Gnant Michael, Dubsky Peter, Hadji Peyman
Department of Surgery, Medical University of Vienna, Wien, Austria.
Recent Results Cancer Res. 2012;192:65-91. doi: 10.1007/978-3-642-21892-7_3.
Disease recurrence and distant metastases remain challenging for patients with breast cancer despite advances in early diagnosis, surgical expertise, and adjuvant therapy. Bone is the most common site for breast cancer metastasis, and the bone microenvironment plays a crucial role in harboring disseminated tumor cells (DTCs), a putative source of late relapse in and outside bone. Therefore, agents that affect bone metabolism might not only prevent the development of bone lesions but also provide meaningful reductions in the risk of relapse both in bone and beyond. Bisphosphonates bind to mineralized bone surfaces and are ingested by osteoclasts, wherein they inhibit osteolysis, thereby preventing the release of growth factors from the bone matrix. Therefore, the bone microenvironment becomes less conducive to survival and growth of DTCs and bone lesion formation. Recent trials of zoledronic acid in the adjuvant setting in breast cancer have demonstrated reduced disease recurrence in bone and other sites in premenopausal and postmenopausal women with early breast cancer. Based on the proven effect of bone protection during adjuvant endocrine therapy, new treatment guidelines recommend the routine use of bisphosphonates to prevent bone loss during adjuvant therapy, which may likely become the standard practice.

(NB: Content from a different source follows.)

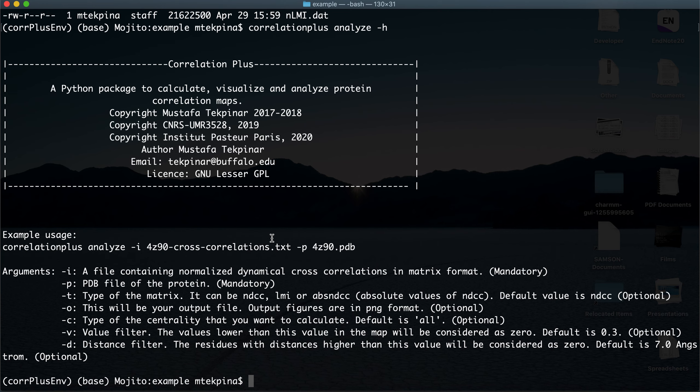The analyze module can give a bunch of analyses. It can calculate betweenness centrality, closeness, degree, current flow betweenness, current flow closeness, and eigenvector centrality. You can calculate all of them, or if you want to pick any one of them you can specify it.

尽管在早期诊断、手术技术和辅助治疗方面取得了进展,但疾病复发和远处转移对乳腺癌患者来说仍然是一个挑战。骨是乳腺癌转移最常见的部位,骨微环境在容纳播散肿瘤细胞(DTCs)方面起着关键作用,DTCs被认为是骨内外晚期复发的来源。因此,影响骨代谢的药物不仅可以预防骨病变的发生,还可能显著降低骨内及其他部位复发的风险。双膦酸盐与矿化骨表面结合并被破骨细胞摄取,在破骨细胞内它们抑制骨溶解,从而防止生长因子从骨基质中释放出来。因此,骨微环境变得不利于DTCs的存活和生长以及骨病变的形成。近期在乳腺癌辅助治疗中使用唑来膦酸的试验表明,早期乳腺癌的绝经前和绝经后女性骨及其他部位的疾病复发减少。基于辅助内分泌治疗期间已证实的骨保护作用,新的治疗指南建议常规使用双膦酸盐预防辅助治疗期间的骨质流失,这可能会成为标准做法。